Under the Local Housing Allowance (LHA) the emphasis will be on making payments to tenants. This means that those tenants coming under the scheme as new claimants will in most cases receive payment directly. Under LHA a tenant cannot simply request that their payments are made to their landlord. To protect vulnerable tenants the council will apply a discretion to pay the landlord. This policy sets out the guidelines by which officers will make decisions.
The primary objective is to ensure that tenants "keep a roof over their heads" therefore officers will apply the policy appropriately to minimise the risk of tenants falling into arrears with their landlord.

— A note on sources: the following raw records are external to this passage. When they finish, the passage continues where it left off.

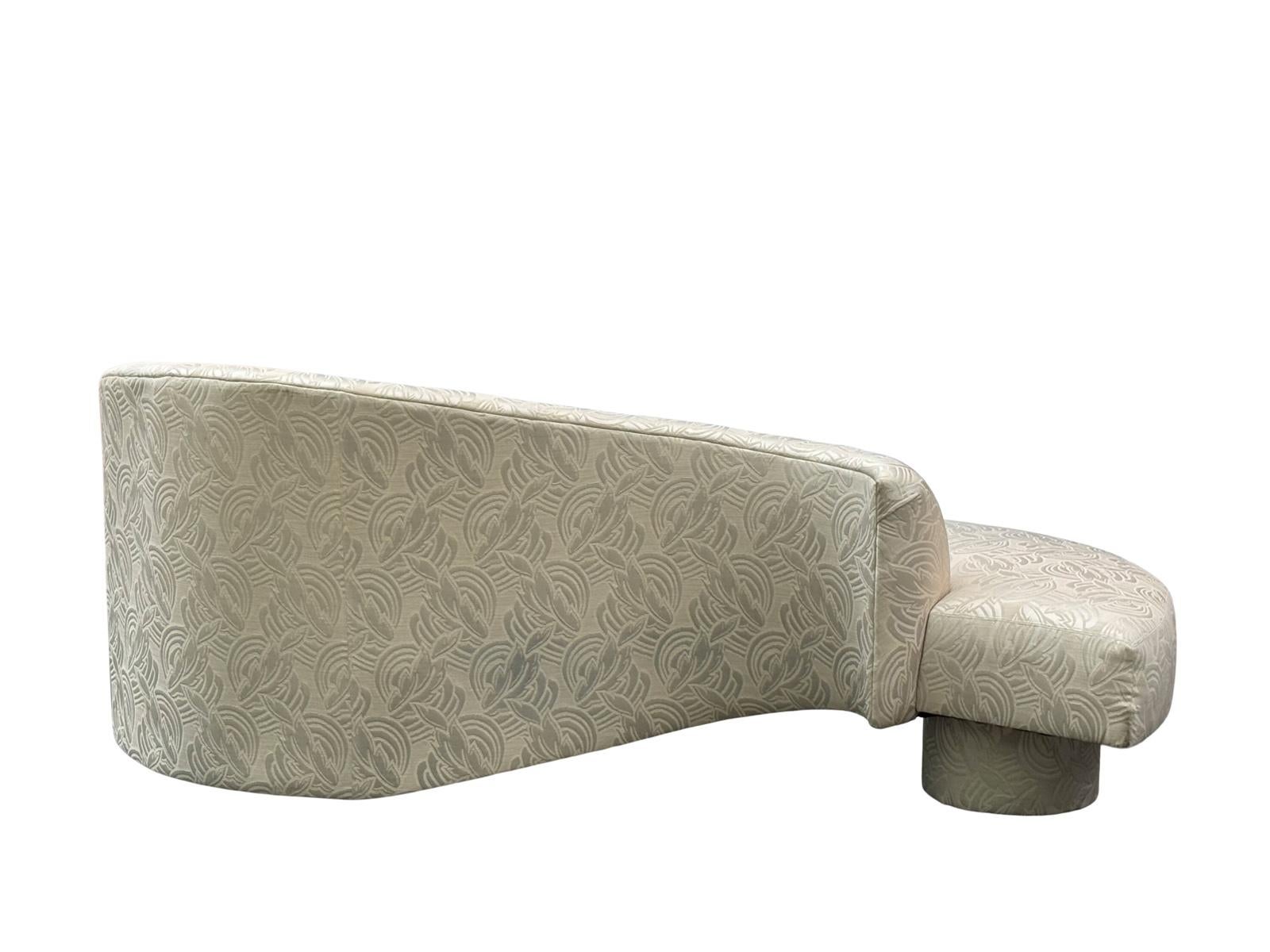Geschwungenes Vladimir Kagan Serpentine Sofa mit Lucite Basis (Ende des 20. Jahrhunderts) im Angebot
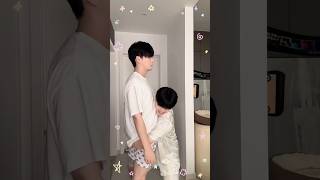 Download lagu Why? I can't even pick up my husband?! #funny #boyfriend #love #viralvideo #foryou mp3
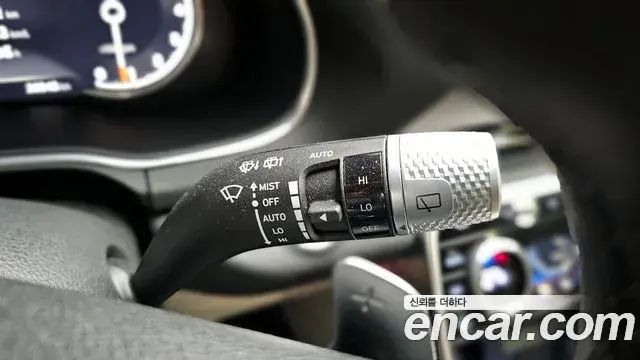 Genesis GV80 2020 — ფოტო 15/20
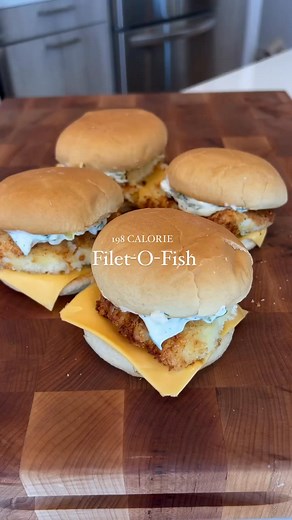 Filet O Fish💪🔥By Per Sandwich 198 Calories 26g Protein 5g Fat 16g Net Carb Ingredients �340g Cod Panko- (mine picked up around 7-8g each) Velvet Cheese Keto Culture Buns ( or any low #fyp #reel #explore #reeloftheday #follow #trendingnow #viralreels #viral | Alessia Ryder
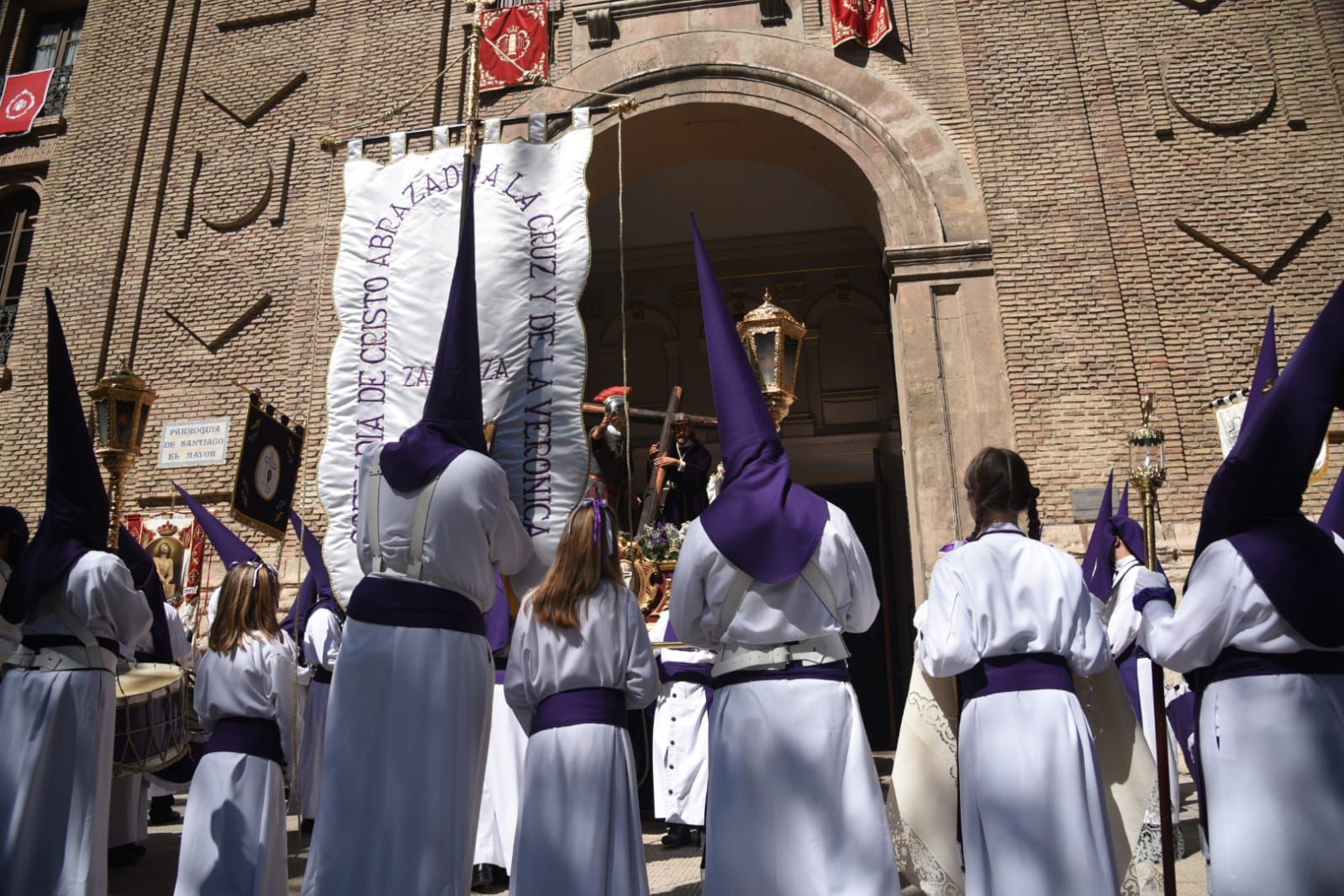 En imágenes | Procesiones del Jueves Santo en Zaragoza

Payment can still be made to the landlord if a tenant is eight or more weeks in arrears. This is a statutory safeguard that is not included in the Vulnerability Policy.

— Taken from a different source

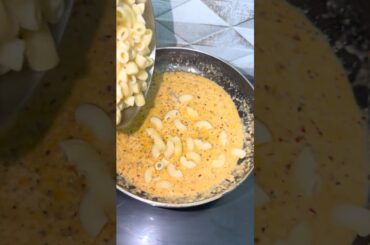 Viral White sauce pasta recipe 😋#pasta #minivlog #whitesaucepasta #food #viralshorts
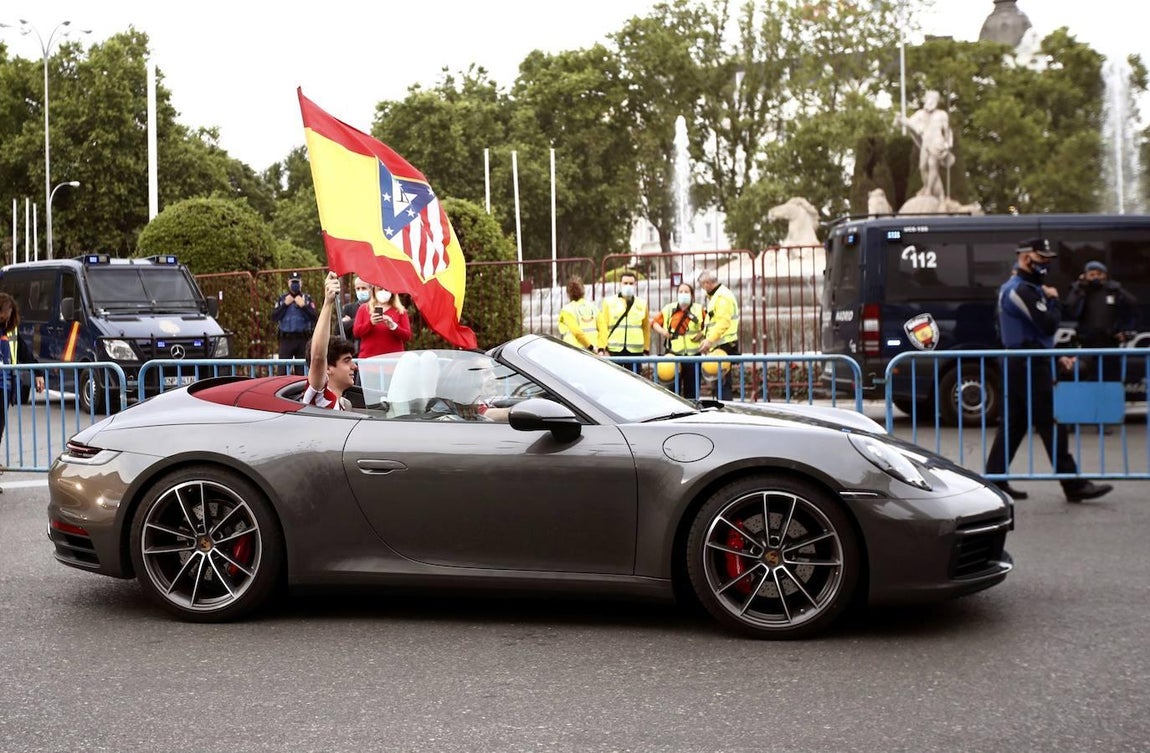 En imágenes: La afición rojiblanca se echa a las calles de Madrid para celebrar la victoria del Atlético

If the LHA is greater than the contractual rent, any excess will be paid to the tenant. If the tenant is in arrears, and the decision has been made to pay the landlord, the LHA may include the excess to help clear the arrears.
The Department for Works and Pensions have provided guidance on when direct payments to the landlord may be appropriate, where a tenant can pay or wont pay. These are expanded below:
)a) If the tenant is likely to have difficulty managing their own affairs.
For example, if a tenant is known to have a learning disability or their drug/alcohol misuse would mean they are likely to have difficulty handling a budget.
b) If it is improbable that the claimant will pay their rent. For example,
if the authority is aware that the tenant has consistently failed to pay rent on past occasions without good reason.
Under the LHA rules a tenant cannot simply request that payment is made to a landlord to cover their rent. Benefits officers will consider evidence and make a decision as to whether it is in a tenant's best interest to make payments of LHA directly to the landlord. In many cases it will be a temporary situation until, for example, the rent arrears are cleared.
Aims and Objectives of the Local Policy
- to provide a safeguard for the most vulnerable tenants and reassure them that the benefit and rent will be paid
- to help prevent rent arrears and tenants being put at risk of eviction
- to help sustain tenancies for vulnerable tenants
- to reassure landlords that their rent will be paid if they have vulnerable tenants or are approached by vulnerable tenants
- to help put tenants in touch with other agencies where necessary and give people the opportunity and support to manage their own financial affairs
- to ensure council officers make reasonable, fair and consistent decisions
- to promote a transparent and simple process that is understood widely
- to treat each case individually and not make assumptions about people's situations
The policy is not designed to:
- supersede support that is being received by tenants to help them be responsible for their own income and expenditure
- be a blanket policy for agencies providing support to private tenants
- be used by landlords to circumvent the aims of the LHA
In most cases it will involve the completion of a standard form with evidence and signed by the tenant. The information given in the form will allow officers to make a decision, based on the evidence given.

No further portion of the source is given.